Aspen’s difficult ski season ends on a high note
Excellent spring skiing conditions with fresh snow and plenty of sunshine Saturday and Sunday helped make up for the long, strange trip that was the 2017-18 ski season.
Lions and tigers and bears prowled Aspen Mountain on Sunday, some girls were rocking bikinis, some guys were wearing gruesome cutoffs and a lot of people were wearing neon-colored, throwback one-piece ski suits.
Julia Lee, who is working her first season at Aspen Snowmass, ripped it up at Aspen Mountain sporting a bear outfit featuring long, fake front claws. The coat didn’t have the beer-soaked, mangy look of a veteran costume even though Lee wore it for the closing at Aspen Highlands last weekend. She was wearing it on the Ajax Express lift at Aspen Mountain as closing day dwindled down. She planned to get her money’s worth by wearing it to the employee party at Snowmass today.
“I’ve had the bear coat for a while now and I feel like it’s a perfect mountain-town accessory to have,” she said. “I’m sure the bear will keep coming back for closing days for years to come.”
Hundreds of people participated in or watched the 47th annual running of the Bell Mountain Buck-Off, held every scheduled closing day at 1 p.m. on the Ridge of Bell.
Some skiers and snowboarders performed acrobatics off Boyd’s Bump — a jump built on the ridge — to the “oohs” and “aahs” of the assembled crowd. A handful of folks performing stunts hit the ground in spectacular blowout crashes.
Skiers and snowboarders made en masse descents in a couple of waves and were led through Bingo Slot by ski patrol.

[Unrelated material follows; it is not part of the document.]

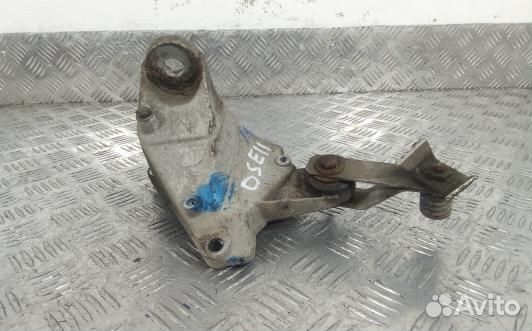 Кронштейн кпп опорный volkswagen passat B5 (OSE11D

At Snowmass, the pond-skimming event at the Spider Sabich picnic area saw a number of skiers and boarders stylishly make it across the water. It was a different story for the groups in homemade crafts, including a few dressed as sharks and other in Aspen Fire gear. They needed help just to get to the pond, and then failed miserably at execution.
Sunday marked the final day of work for Aspen Mountain manager Peter King after a 45-year career with Aspen Skiing Co. He spent that past 12 years as Aspen Mountain manager. He said the early-season drought created some hairy times.
The rule of thumb is 18 inches of snow base is needed before snowcats can “track pack” early in the season — running back and forth with the tracks to knock the air out of the snow and compact it, he said. But Mother Nature wouldn’t comply, dropping only 14 inches in mid-November. The decision was made to go ahead and track pack the lesser amount.
“That turned out to be the lifesaver,” King said.
Another key to salvaging the season was persistence with snowmaking, according to King. Conditions were so warm for so long that snowmaking crews had trouble finding sustained times to blow snow. They found small windows and extended efforts into January, beyond the normal time.
“I’ve learned we can’t control the weather, so you make the best of it,” King said.
The effort paid off, with Aspen Mountain managing top-to-bottom skiing when the other ski areas were plagued by bigger brown patches.
“We had bigger crowds at Christmas on less terrain (than last season),” King said.
Aspen Mountain managed to increase its skier visits over the course of the season even though Skico overall is down, according to Jeff Hanle, vice president of communications.
Skico’s skier visits were down 20 percent overall at its four ski areas as of the end of December. The company “clawed back” somewhat but will end up with fewer visits for the season, Hanle said.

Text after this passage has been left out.